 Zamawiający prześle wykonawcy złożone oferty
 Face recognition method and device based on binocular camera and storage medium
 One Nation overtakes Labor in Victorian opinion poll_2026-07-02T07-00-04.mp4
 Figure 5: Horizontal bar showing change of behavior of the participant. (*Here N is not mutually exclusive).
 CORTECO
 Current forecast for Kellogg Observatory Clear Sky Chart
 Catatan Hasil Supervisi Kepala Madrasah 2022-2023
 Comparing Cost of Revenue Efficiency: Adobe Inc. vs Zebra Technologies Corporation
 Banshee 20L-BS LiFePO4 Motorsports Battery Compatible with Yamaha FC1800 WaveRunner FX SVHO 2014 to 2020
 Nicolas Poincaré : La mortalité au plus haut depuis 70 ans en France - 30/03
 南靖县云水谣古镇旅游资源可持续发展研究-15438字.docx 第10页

Exercise details:
Set down the material above again, word for word.

Response box:
 Zamawiający prześle wykonawcy złożone oferty
 Face recognition method and device based on binocular camera and storage medium
 One Nation overtakes Labor in Victorian opinion poll_2026-07-02T07-00-04.mp4
 Figure 5: Horizontal bar showing change of behavior of the participant. (*Here N is not mutually exclusive).
 CORTECO
 Current forecast for Kellogg Observatory Clear Sky Chart
 Catatan Hasil Supervisi Kepala Madrasah 2022-2023
 Comparing Cost of Revenue Efficiency: Adobe Inc. vs Zebra Technologies Corporation
 Banshee 20L-BS LiFePO4 Motorsports Battery Compatible with Yamaha FC1800 WaveRunner FX SVHO 2014 to 2020
 Nicolas Poincaré : La mortalité au plus haut depuis 70 ans en France - 30/03
 南靖县云水谣古镇旅游资源可持续发展研究-15438字.docx 第10页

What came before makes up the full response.